Es ist
offensichtlich ein großer Irrtum den „Doppelpass“ als Aspekt des
Staatsbürgerschaftsrechtes zu sehen. Es geht hier um ein Gefühl.
Selten
habe ich in den Boulevardmedien ein so eindeutiges Meinungsbild in den
Kommentaren und Leserzuschriften gesehen, wie nach dem Verfassungsreferendum in der Türkei.
Da
entlädt sich eine gewaltige Wut auf „die“ Türken.
Es
scheint einhellige Meinung zu sein, daß Migranten hier nicht benachteiligt oder
diskriminiert sind, sondern daß sie vielmehr Sonder- und Extrarechte genießen,
die den Deutschen verwehrt sind.
Das kann
der Neid-Michl schon mal grundsätzlich nicht leiden.
Daher
sei es hohe Zeit den Türken das Privileg der Doppelstaatsbürgerschaft
wegzunehmen.
Ein ähnliches
Phänomen gibt es beim eigenen Gehalt.

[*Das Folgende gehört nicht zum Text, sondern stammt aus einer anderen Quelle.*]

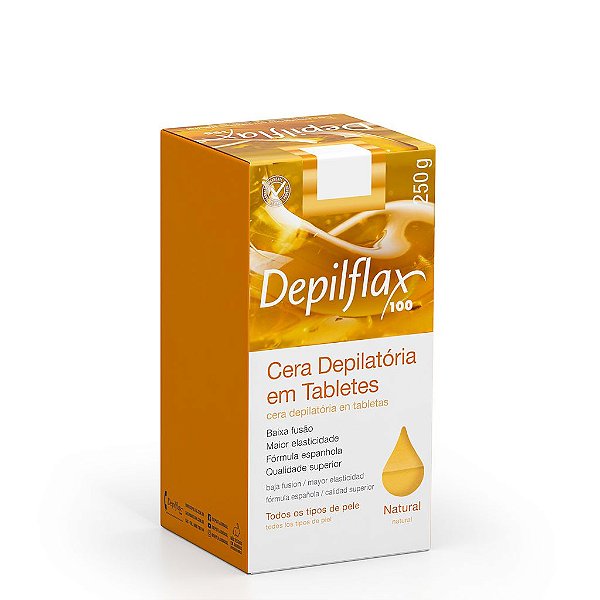 Cera Depilatória em Tabletes Natural Depilflax 250g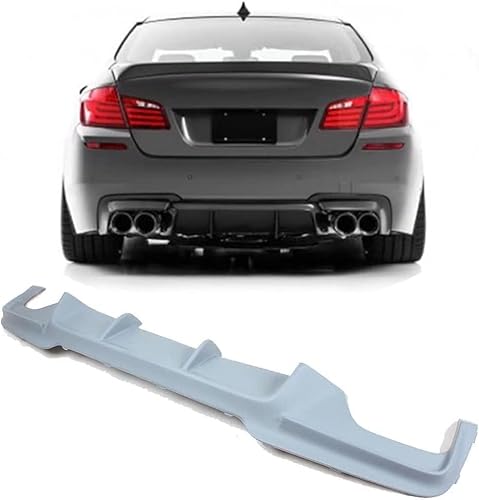 YPJHMXQXQ ABS-Heckdiffusor-Set für BMW 5 Series F10 Tech Sport Bumper 2012 2013 2014 2015 2016,einstellbar, mattiert – stabilität & luftströmung – moderner Design, B-Grey von YPJHMXQXQ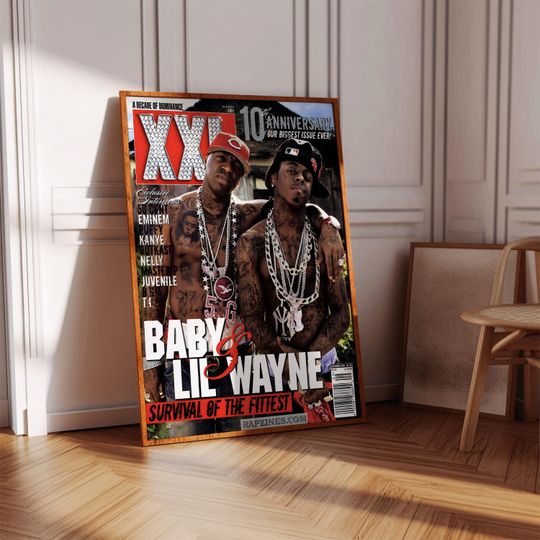Lil Wayne Poster Print | Magazine Poster Print | Magazine Cover Art | Music Poster Print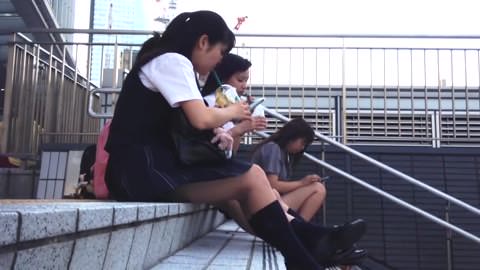 衝撃的な女子高生のパンティ！！！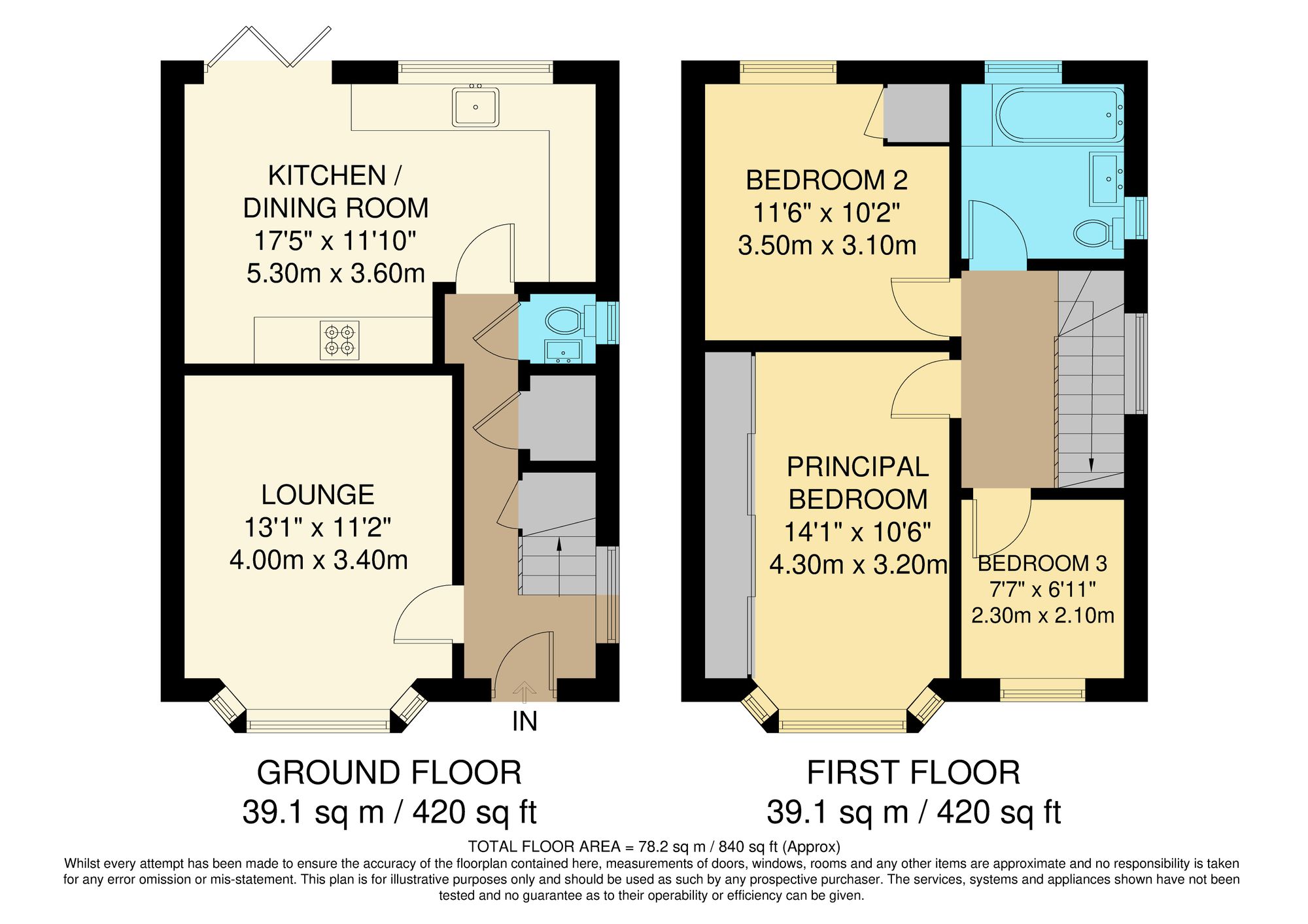 3 bed semi-detached house for sale in Hyde Road, South Croydon, CR2 - Property floorplan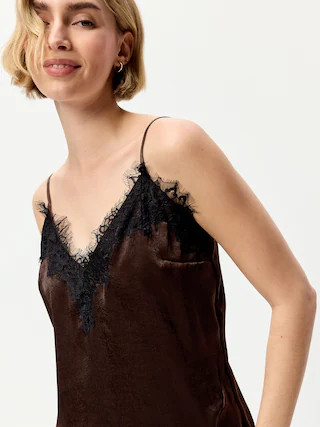 Asymmetrical Lace-Trim Cami Top | Old Navy (US)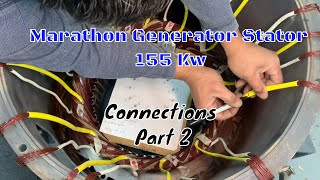 Rewinding 155 Kw Generator Marathon Part 2 | Data & Diagram | Original Factory Connection Tutorial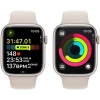 Smart saat Apple Watch Series 9 GPS 45mm Starlight Aluminium Case with Starlight Sport Band S/M (MR963QI/A)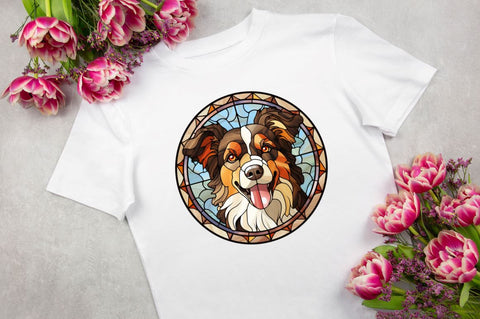 Stained Glass Dogs Clipart Bundle Sublimation Regulrcrative 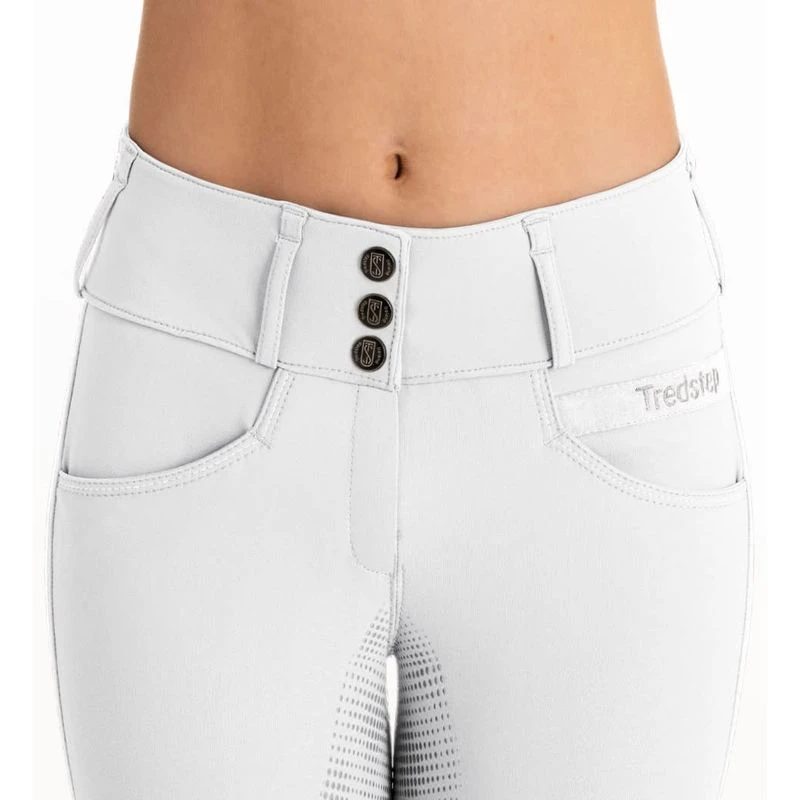Tredstep Women's Solo Volte II Full Grip Breeches - White 1 Tredstep Women's Solo Volte II Full Grip Breeches - White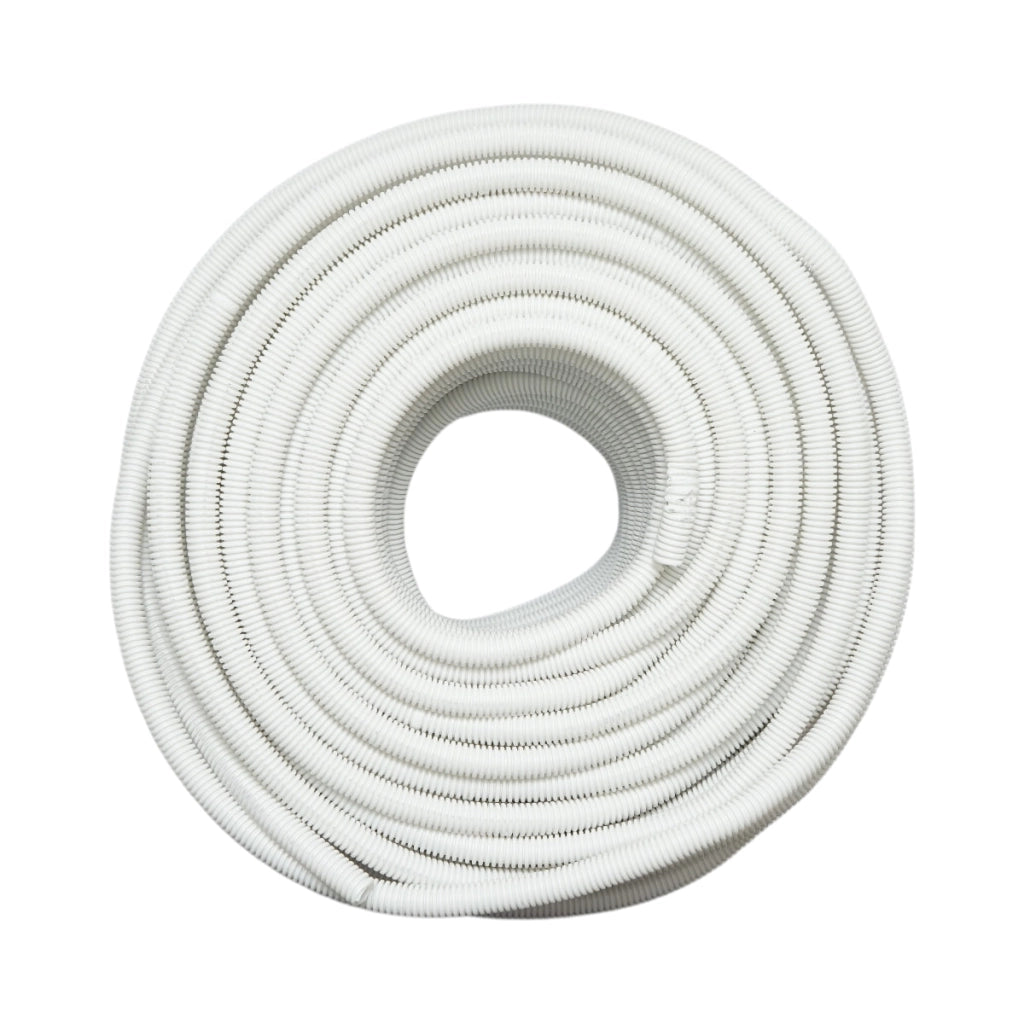 Tubo Corrugato 16mm senza filettatura, ignifugo in polietilene HDPE 320N grigio 100m/rotolo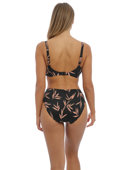 Figi kąpielowe Fantasie Swim LUNA BAY FS502472LAK Mid Rise Bikini Brief Lacquered Black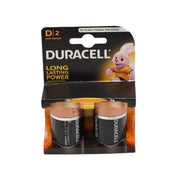Duracell R20 D Alkaline Batteries Set 2 Pcs
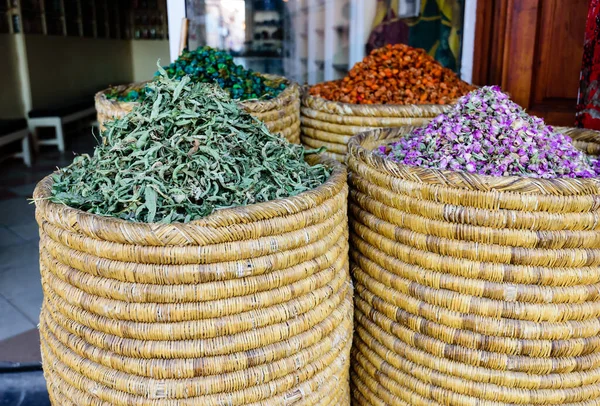 Kruidenwinkel Oude Stad Van Marrakech Marokko — Stockfoto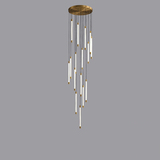 transparent strip acrylic tube 16lights LED pendant light modern lamp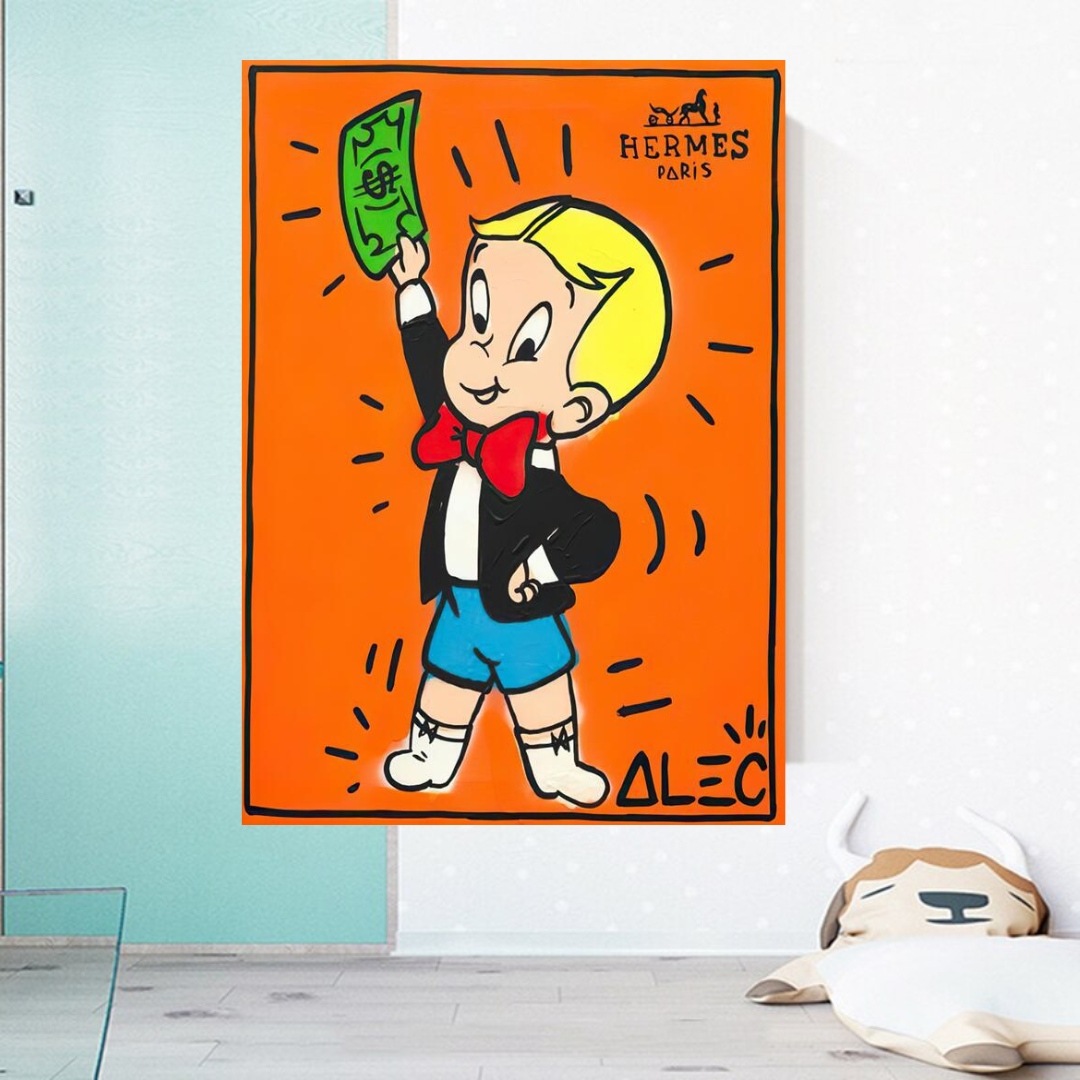 ChandeliersDecor.com-Monopoly Wall Poster-Alec Monopoly Richie Rich Money Man Canvas Print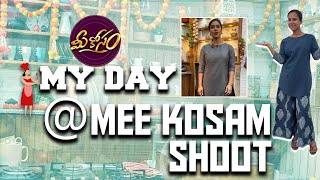 My day Meekosam Shoot  mee kosam  Swapna Vaitla [upl. by Euqirrne160]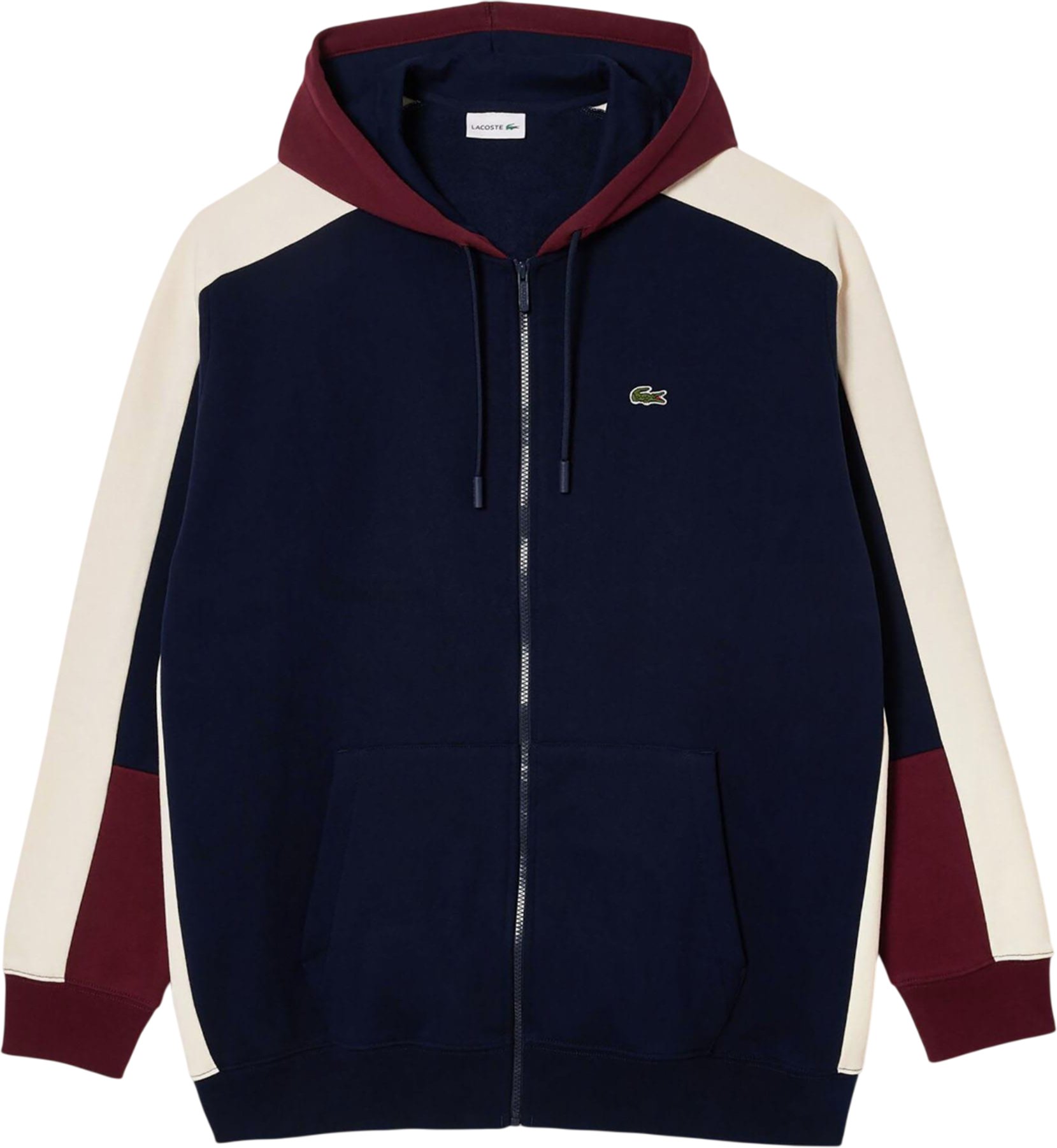 Lacoste - Kapuzenpullover für Herren, Durchgehender Reißverschluss (Marine)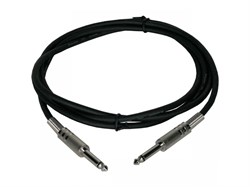 INVOTONE ACI1006/BK - инструментальный кабель, 6,3 джек моно <-> 6,3 джек моно, длина 6 м (черный) - фото 38082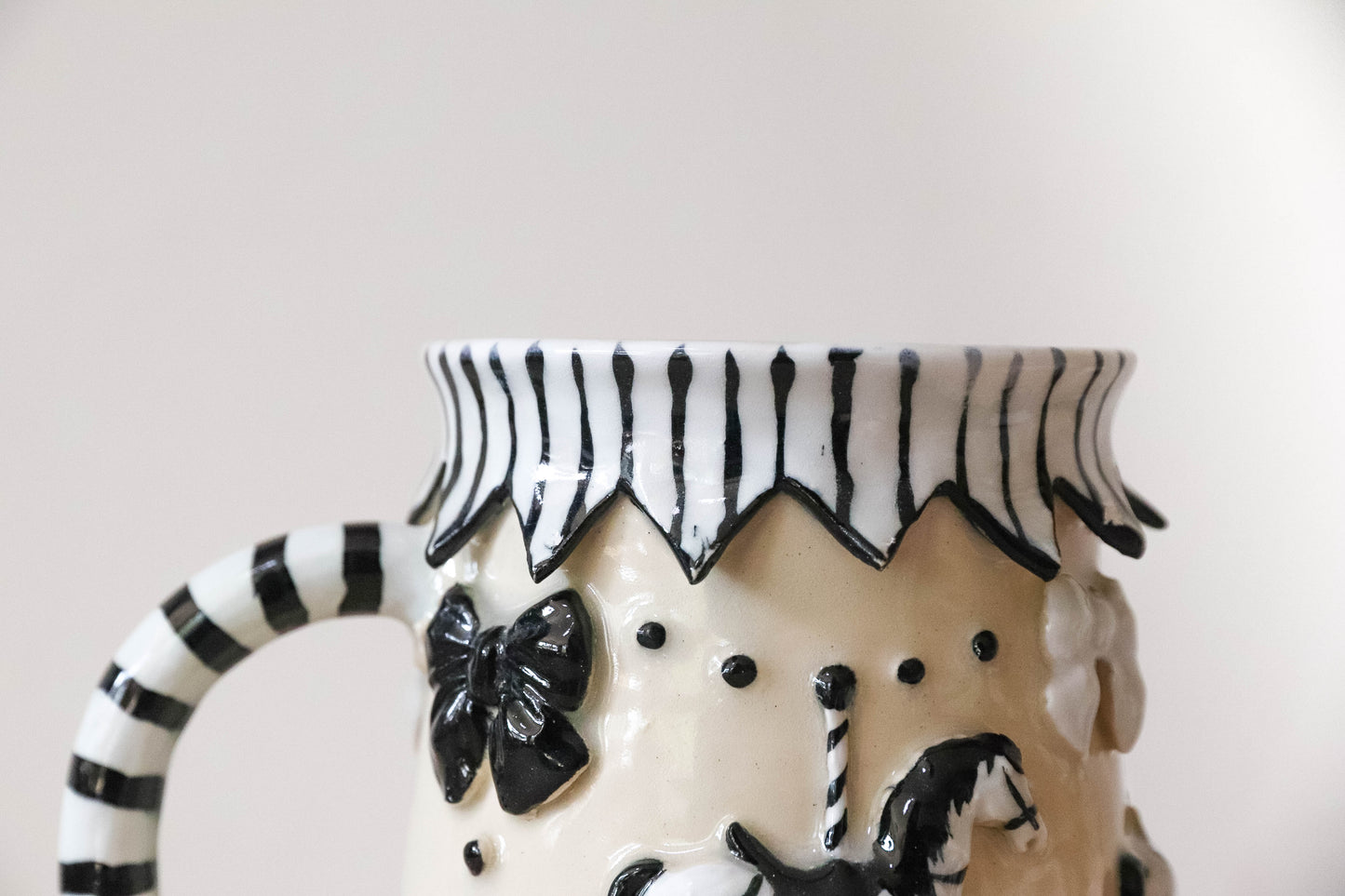 Pierrot Carousel Stoneware Mug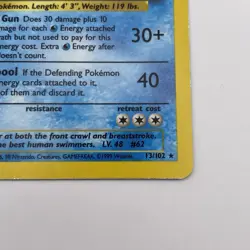 Poliwrath 13/102 Unlimited Base Set Holo LP Rare WOTC Pokemon TCG Vintage Single - Image 5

Deutsche sind weniger an der absoluten
Höhe interessiert, als daran, daß es mehr als das vom Nachbarn sein soll.
In Wahrheit
hängt Deutschland rechtlich hinter allen zivilisierten Nationen zurück. Es
herrscht immer noch das Ius Sanguinis („Recht des Blutes“, Abstammungsprinzip)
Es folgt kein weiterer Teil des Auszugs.